EDNY Judge Dismisses Illegal Reentry Indictment Where Defendant Not Advised of Right to Voluntary Departure Prior to Deportation

Illegal re-entry cases are amongst the hardest to defend.  After all, the presence of the defendant in the courtroom is Government Exhibit A.  One defense strategy is to move to dismiss the indictment by attacking the validity of the underlying deportation order, and now, EDNY Judge Ross has joined with other district courts to expand the grounds for such collateral attacks, holding in this terrific decision, United States v. Garcia, 08 cr 32 (ARR), 2008 WL 3890167 (EDNY August 19, 2008), that for purposes of a collateral attack on a deportation order, there is no meaningful distinction between access to a discretionary waiver of removal under former § 212(c) and access to discretionary voluntary departure under § 1229c.  No circuit court has yet addressed this issue.

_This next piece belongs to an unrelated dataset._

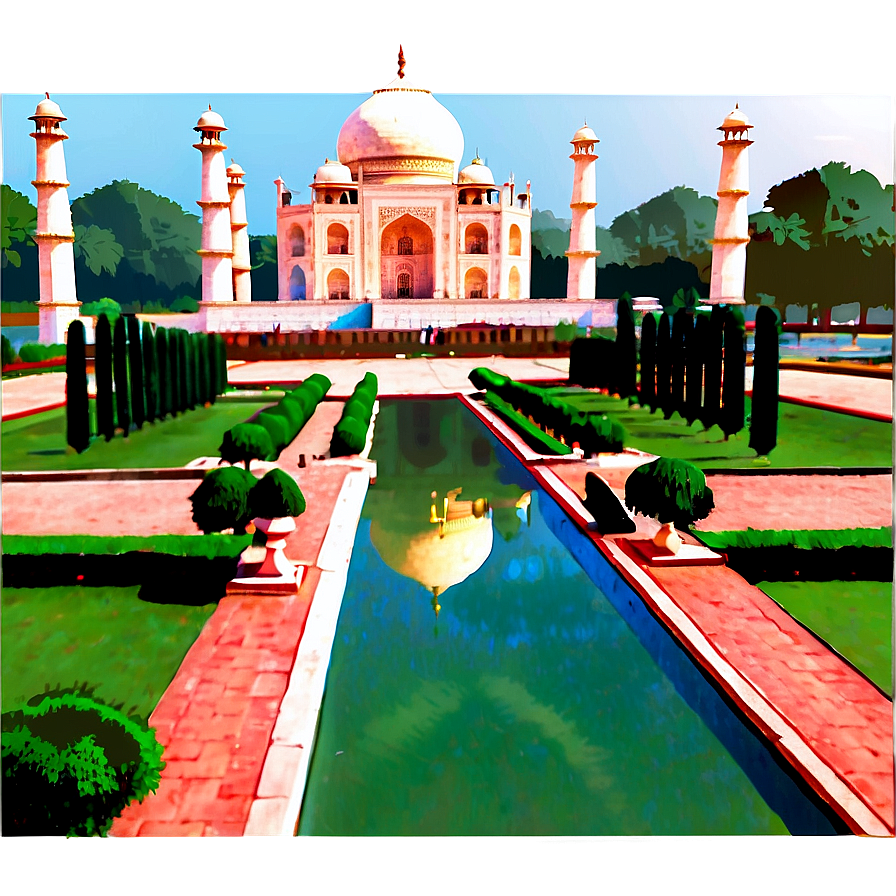 Taj Mahal Garden View Png Vml45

Garcia claimed that his deportation proceeding violated his Fifth Amendment due process rights because neither the immigration judge who presided over the proceeding nor his attorney told him of his right under 8 U .S.C. § 1229c to depart the United States voluntarily at his own expense in lieu of being deported (a right that is available under some circumstances, and was available to Garcia).  Had they done so, and had he exercised that right, he would have avoided criminal penalties for illegally re-entering.   Finding that the deprivation of Garcia’s voluntary departure rights was fundamentally unfair, Judge Ross granted his motion to dismiss the indictment.  

Lawyers: Raymond Aab and Alberto Ebanks (for defendant); AUSA Matthew Amatruda.